Diabetes – What is Diabetes?
Diabetes is a terribly debilitating disease that affects millions of people every year. It is caused when your body doesn’t produce enough insulin, or it’s not able to use the insulin it does produce effectively.
The good news is that it can be treated and treated or delayed through diet, exercise and medication.
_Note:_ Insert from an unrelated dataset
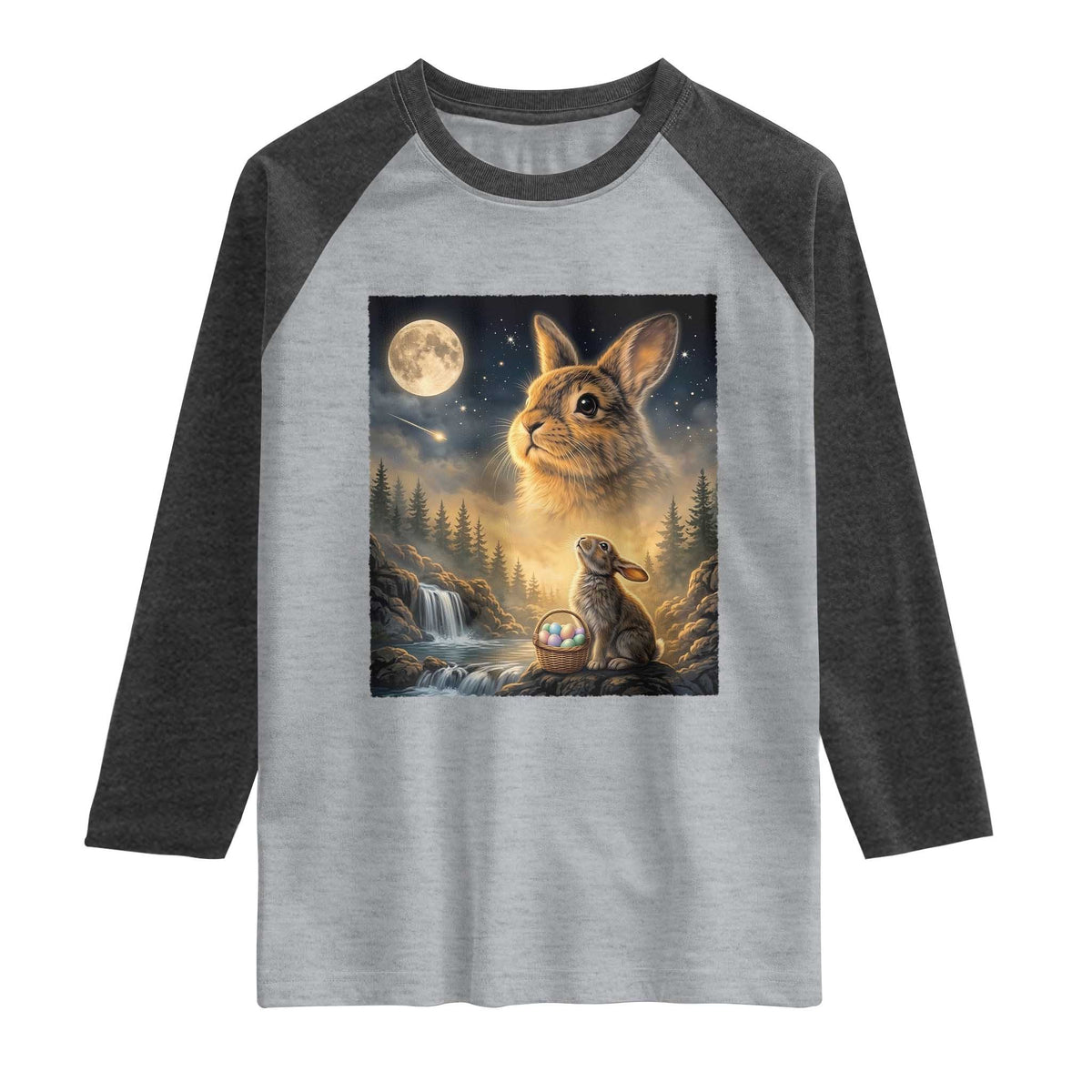 Easter Bunny Howling to the Moon Vintage Raglan Shirt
It is also essential to be aware of the symptoms to be able to tell what’s wrong and get treatment.
What is diabetes?
Diabetes is a chronic illness (long-lasting), which alters how your body converts food into energy. It occurs when your pancreas does not produce enough insulin or isn’t able to use it properly.
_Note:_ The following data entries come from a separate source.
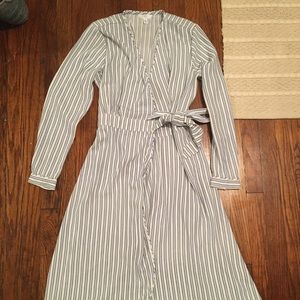 Blue and white striped dress.
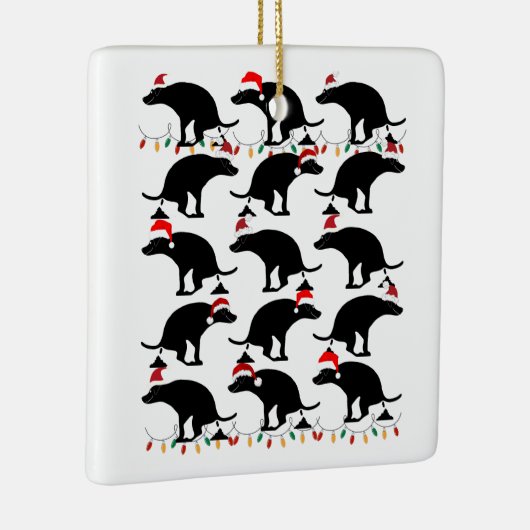 Grappig kerstpooping Dog Keramisch Ornament (Rechts)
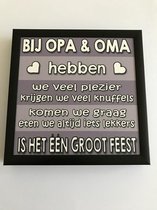 Fotolijst met tekst – Bij opa & oma hebben …. Is het één groot feest - 13 x 13 cm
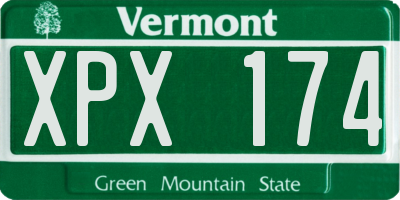 VT license plate XPX174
Insulin is the hormone that aids your body absorb and use glucose, also known as sugar. People with type 2 diabetes don’t make enough insulin or their bodies don’t make it in a proper way.
The blood sugar levels increase with time in both forms of diabetes. This can cause problems with the eyes, feet and kidneys. It could also harm your brain and heart arteries.
Type 1 diabetes
Type 1 diabetes is an autoimmune condition in which your body’s immune system attacks and destroys insulin-producing cells within the pancreas. This destruction can occur over months or even years and eventually lead to the complete absence of insulin.
Insulin is needed by people with type 1 diabetes all day. They also have to keep track of their blood sugar levels and adjust their insulin, food and activity levels to keep their blood sugar within an acceptable range.
Type 2 diabetes
If you suffer from type 2 diabetes your body may not make use of insulin as it should. Insulin is a hormone that aids in the movement of glucose (blood sugar) from your blood into your cells which is then used as energy.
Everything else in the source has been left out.